Following Injury, Brooks to Return to Tamburlaine Dec. 29

News   Following Injury, Brooks to Return to Tamburlaine Dec. 29
Performances of Tamburlaine at the Shakespeare Theatre Company in Washington, DC, will resume Dec. 29.

Seven performances of Tamburlaine had been canceled due to the injury of star Avery Brooks. Brooks' understudy had recently left the production because of a family emergency, and his new understudy had not had the time to sufficiently prepare for the role.

Brooks will now return to the production, which will resume performances 8 PM on Dec. 29. He will continue in the title role until the end of the play's run, which is scheduled for Jan. 6, 2008.

Tamburlaine and Edward II are running in repertory at the Shakespeare Theatre Company's Sidney Harman Hall. Edward II performances have not been affected.

Those wishing to exchange tickets for a later Tamburlaine performance or for another play in the company's season should call (202) 547-1122.

The Shakespeare Theatre Company's Sidney Harman Hall is located at 610 F Street NW in Washington, DC. *

In a recent statement artistic director Michael Kahn said, "I am incredibly saddened to say that Avery Brooks has suffered an injury and is currently unable to perform in his role as Tamburlaine. Under normal understudy procedure, these performances would not have been canceled.

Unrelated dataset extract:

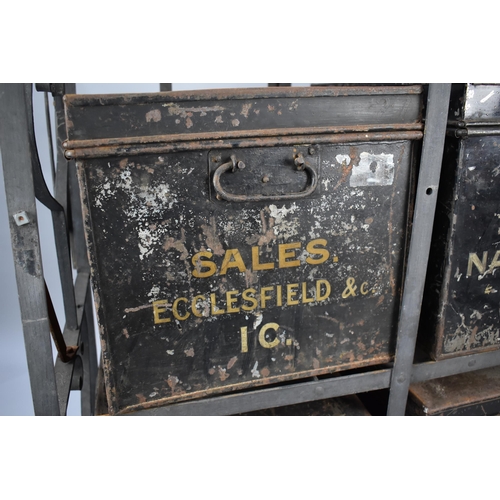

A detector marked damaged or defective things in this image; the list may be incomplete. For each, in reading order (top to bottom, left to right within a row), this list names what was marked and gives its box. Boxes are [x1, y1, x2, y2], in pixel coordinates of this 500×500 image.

rusted metal surface [63, 85, 422, 414]
rusted metal surface [420, 85, 500, 360]
rusted metal surface [406, 366, 500, 416]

However, Avery Brooks' original understudy - who also was playing the roles of Lancaster, Orcanes and Ortygius - recently left the production because of a family emergency. The new understudy, Bill Christ, who also learned and assumed those roles, has not yet had the time to sufficiently prepare for the tremendously large role of Tamburlaine.

"We feel deeply for our audiences who were looking forward to seeing Avery in the role. We are encouraging patrons to switch into later Tamburlaine performances, or into another of the season's plays."

Actor Brooks added, "I am devastated. I have never intentionally missed or tried to miss a performance. My work is my life. I am especially devastated for my fellow company members; we have invested so much in each other and the work on Tamburlaine. Michael Kahn and the Shakespeare Theatre Company have been extraordinarily generous to me, and I would not ever betray this love. I will do everything in my power to return and finish this wonderful work as soon as is physically/humanly possible. I offer my humble apology to all and especially to the audience, whose loyalty and support I could never live without."